Some analysts have argued that Putin’s aggression has helped crystallise the transatlantic partnership, which the Trump administration had left in ruins. That is a fair case to make seeing as NATO has now rediscovered its military purpose, a traditionally pacifist Germany has vowed to spend over $100bn on defence, and Putin may likely leave NATO members unharmed for fear of pulling the US into the fight.

But outside the NATO member states, the world already looks different. In Asia, for instance, countries that are fearful of Chinese aggression are becoming progressively less secure. According to a recent poll by the Chicago Council on Global Affairs, over 70% of South Koreans want their country to develop nuclear weapons, regardless of its drawbacks. Meanwhile, India has long felt that it can’t afford to stand up to China because it will have to deal with Chinese reprisals alone.

In ways both good and bad, this is a far cry from the world that had existed at the end of the Cold War. Back then, US military presence upheld a tenuous balance of power despite the ubiquity of border disputes — at least enough to discourage countries from invading one another. As a result, while about a million people died from wars between nation states in the 1950s, that figure has been almost nil since the start of the millennium. But on the flip side, America’s pre-eminence held the potential for hubris and overreach, which resulted in the debacles in Iraq and Afghanistan.
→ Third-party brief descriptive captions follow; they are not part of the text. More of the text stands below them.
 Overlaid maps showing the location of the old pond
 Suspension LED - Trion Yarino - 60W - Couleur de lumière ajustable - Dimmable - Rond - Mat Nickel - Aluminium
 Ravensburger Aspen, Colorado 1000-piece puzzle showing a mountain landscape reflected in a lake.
US Democrats and Republicans broadly agree that their country’s militarism has run its course

When the global recession hit close on the heels of the Bush administration’s floundering and never-ending wars, Washington began to reverse course. Under Trump, the very raison d’être of the security architecture that Washington had underwritten was under question, with the White House asking allies to pay for their own defence.
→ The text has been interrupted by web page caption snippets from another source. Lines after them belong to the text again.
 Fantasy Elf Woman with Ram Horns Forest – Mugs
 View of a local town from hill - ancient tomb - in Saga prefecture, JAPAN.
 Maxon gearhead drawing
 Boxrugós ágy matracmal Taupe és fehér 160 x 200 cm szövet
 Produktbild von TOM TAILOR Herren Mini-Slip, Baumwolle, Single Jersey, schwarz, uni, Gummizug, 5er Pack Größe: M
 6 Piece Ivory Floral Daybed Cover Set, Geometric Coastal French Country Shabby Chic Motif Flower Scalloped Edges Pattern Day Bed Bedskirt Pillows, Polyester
For all their differences, US Democrats and Republicans broadly agree that their country’s militarism has run its course. But in order to make up for this retreat, the West has tried to use sanctions as a tool for deterrence. So far, that strategy has not only failed to deter aggression but has also proved counterproductive.

In response to being cut off financially by the West, China and Russia are already building a parallel world of their own, with a separate internet, economy and financial system. In recent years, the two countries have increasingly been looking to settle their trade in their own currencies in an attempt to reduce exposure to the dollar. In the first half of 2021, about 28% of China’s exports to Russia were based on the renminbi — up from just 2% in 2013, according to Reuters. Meanwhile, China has been diversifying its foreign exchange reserves and buying gold.

If the West seeks to preserve these norms, it has no choice but to initiate frequent and purposeful dialogue

Even allies of the West, such as India, have been reluctant to act against Russia. Early this week, New Delhi signalled that it intends to profit off of Russian fuel, made cheaper by Western sanctions.

The problem with sanctions is not only that they have a spotty record in changing the behaviour of regimes, but also that they progressively diminish the economic leverage that the West enjoys over those regimes, as they get increasingly disconnected.

In an increasingly multipolar world, the rise of non-Western powers, such as China and India, is diluting the post-Cold War world order that had resulted in relative peace and widespread globalisation. If the West seeks to preserve these norms, it has no choice but to initiate frequent and purposeful dialogue at all levels — especially engaging with civil society actors in the non-Western world — to build global consensus on the emerging world order.